The man in the ram mask bows slightly and claps his hands.
The door creaks open once more, revealing two more masked figures—one a crow with a shattered beak, the other a serpent coiled tightly. Between them, they drag a man.
Blood stains the ground. His clothes are tattered, his face a canvas of swelling bruises. His wrists are bound in chains that shimmer, phasing in and out of existence—not quite corporeal, not quite gone. Dream chains. Unbreakable here.
They toss the man at the shadowed figure's feet. He does not cry out, merely crumples to the ground with a wet thud.
"Leave us," the voice commands from the darkness.

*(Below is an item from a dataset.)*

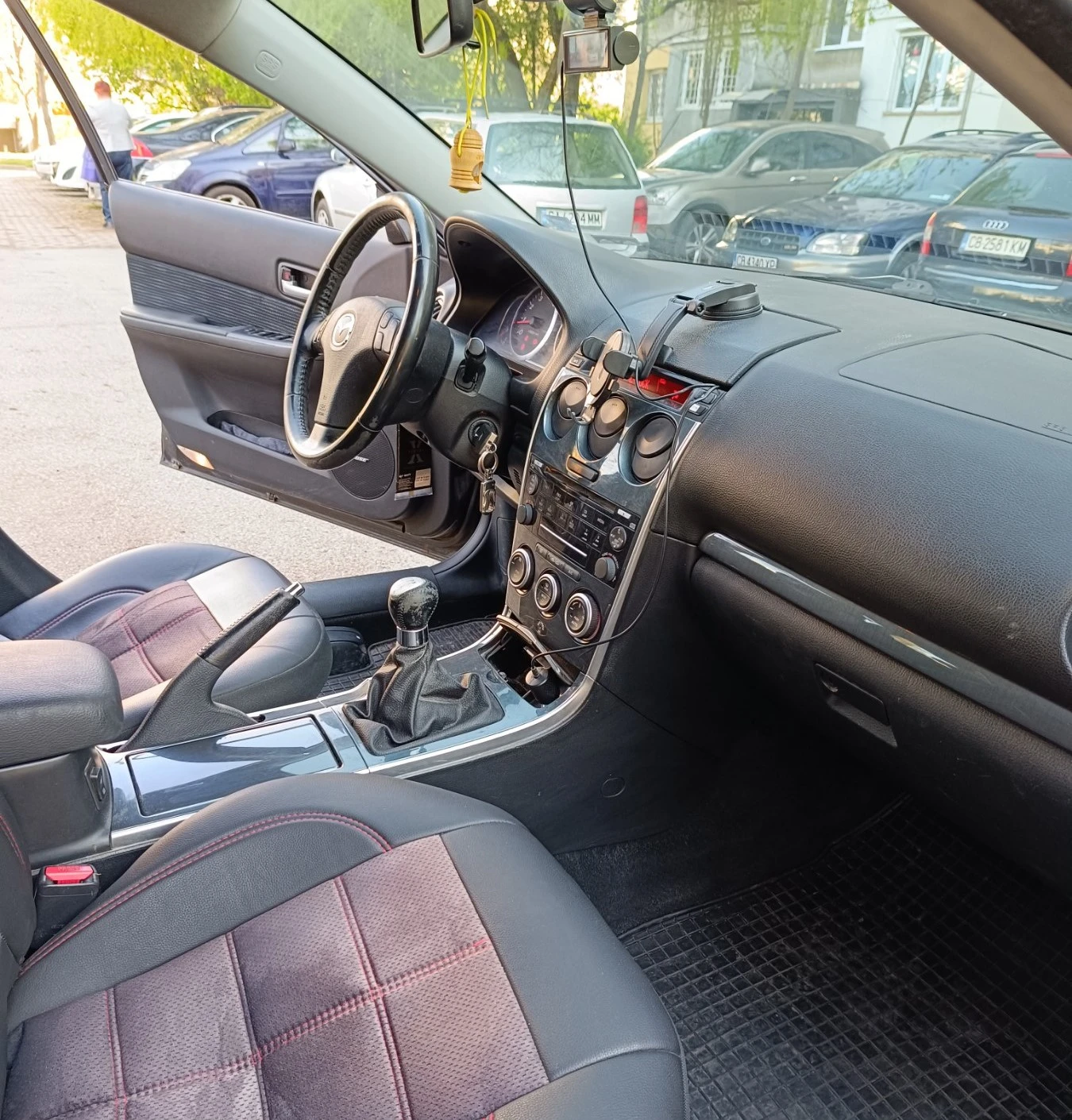 Mazda 6  - изображение 10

The ram-masked figure hesitates. "Sir, he's unpredictable. If you wish us to stay—"
"I said leave!"
The trio bows and retreats through the door, which closes with a sigh, leaving only darkness and the glowing cigar.
The bruised man struggles to his knees, gasping for air. Blood dribbles from his lips, pattering onto a surface that isn't quite concrete.
"Mr Zhou, am I correct?" the elderly figure asks.
The wounded man is silent.
"Very well, let's settle on that." The elderly man speaks with feigned politeness. "So, Mr. Zhou, do you know who I am?" His tone is deceptively casual.
The man spits blood onto the floor. "Yeah... I know exactly what you are."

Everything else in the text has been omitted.